Abstract
Short scales of user satisfaction analysis are largely applied in usability studies as part of the measures to assess the interaction experience of users. Among the traditional tools, System Usability Scale (SUS), composed of 10 items, is the most applied quick evaluation scale. Recently, researchers have proposed two new and shorter scales: the Usability Metric for User Experience (UMUX), composed of four items, and the UMUX-LITE, which consists of only the two positive items of UMUX. Despite their recent creation, researchers in human-computer interaction (HCI) have already showed that these two tools are reliable and strongly correlated to each other [1–3]. Nevertheless, there are still no studies about the use of these questionnaires with disabled users. As HCI experts claim [4–7], when disabled and elderly users are included in the assessment cohorts, they add to the overall analysis alternative and extended perspectives about the usability of a system.

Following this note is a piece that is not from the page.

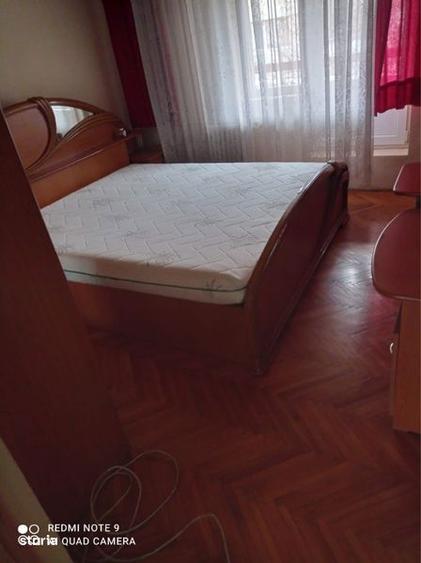 Chirie apartament Oradea - 4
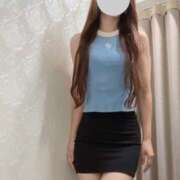 ヒメ日記 2025/08/17 20:00 投稿 まり Ｓ＆Ｍ　極嬢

This is particularly relevant to those interfaces that are designed to serve a large population of end-users, such as websites of public administration or public services. Hence, for a practitioner adding to the evaluation cohorts a group of disabled people may sensibly extend number and types of errors identified during the assessment. One of the major obstacles in creating mixed cohorts is due to the increase in time and costs of the evaluation. Often, the budget does not support the inclusion of disabled users in the test. In order to overcome these hindrances, the administering to disabled users of a short questionnaire—after a period of use (expert disabled costumers) or after an interaction test performed through a set of scenario-driven tasks (novice disabled users)—permits to achieve a good trade-off between a limited effort in terms of time and costs and the advantage of evaluating the user satisfaction of disabled people in the use of websites. To date, researchers have neither analyzed the use of SUS, UMUX, and UMUX-LITE by disabled users, nor the reliability of these tools, or the relationship among those scales when administrated to disabled people.

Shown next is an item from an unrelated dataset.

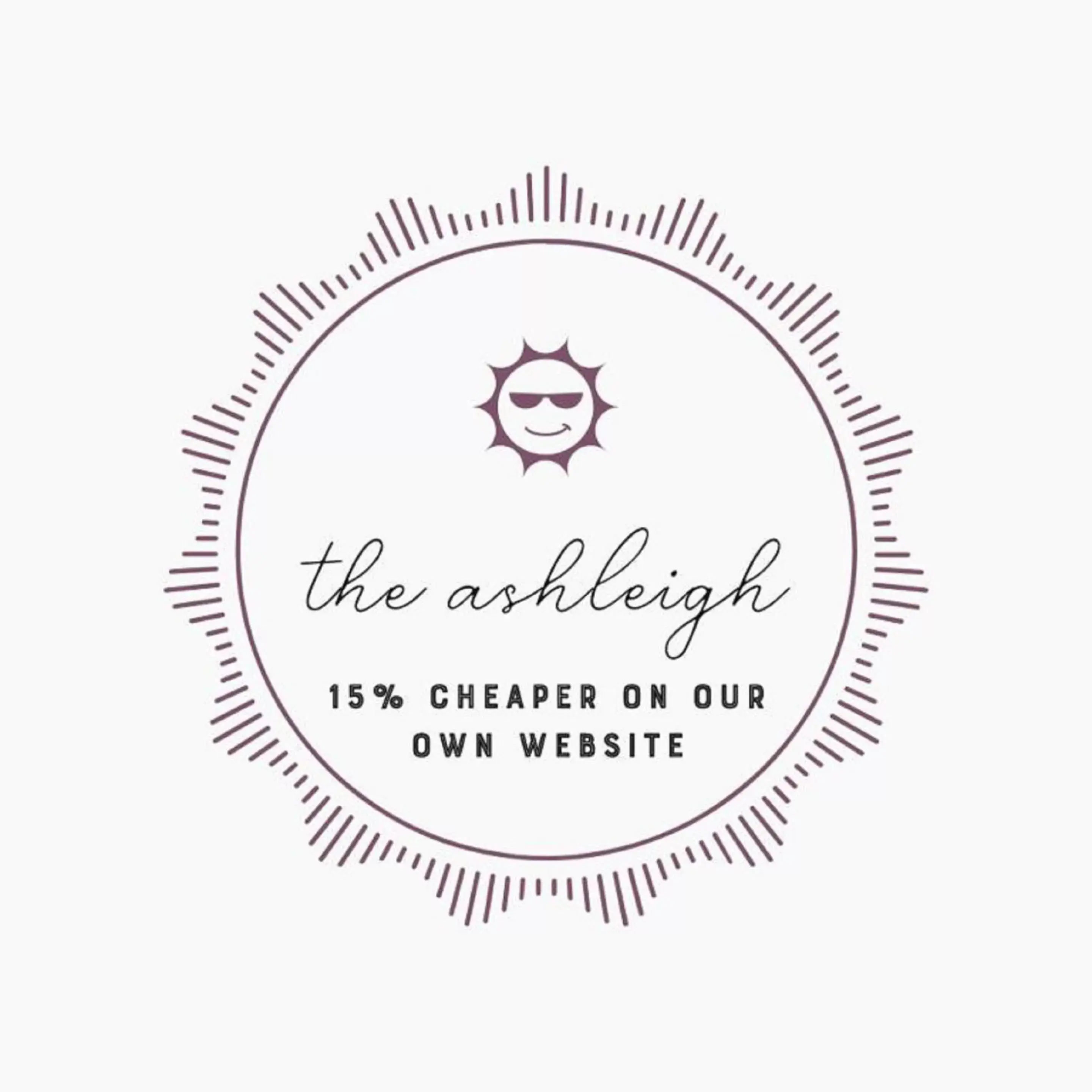 Standard Double or Twin in The Ashleigh Standard Double or Twin in The Ashleigh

In this paper, we performed a usability test with 10 blind and 10 sighted users on the Italian website of public train transportation to observe the differences between the two evaluation cohorts in terms of: (i) number of identified errors, (ii) average score of the three questionnaires, and (iii) reliability and correlation of the three scales.

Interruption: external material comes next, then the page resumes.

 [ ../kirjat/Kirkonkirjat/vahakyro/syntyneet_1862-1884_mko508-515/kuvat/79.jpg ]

The outcomes confirmed that the three scales, when administered to blind or sighted users, are reliable (Cronbach’s α > 0.8), though UMUX reliability with disabled users is lower than expected (Cronbach’s α < 0.5). Moreover, all the scales are strongly correlated (p < .001) in line with previous studies. Nevertheless, significant differences were identified between sighed and blind participants in terms of (i) number of errors experienced during the interaction and (ii) average satisfaction rated through the three questionnaires. Our data show, in agreement with previous studies, that disabled users have divergent perspectives on satisfaction in the use of a website. The insight of disabled users could be a key factor to improve the usability of those interfaces which aim to serve a large population, such as websites of public administration and services. In sum, we argue that to preserve the budget and even incorporate disabled users’ perspectives in the evaluation reports with minimal costs, practitioners may reliably test the satisfaction by administrating SUS and UMUX or UMUX-LITE to a mixed sample of users with and without disability.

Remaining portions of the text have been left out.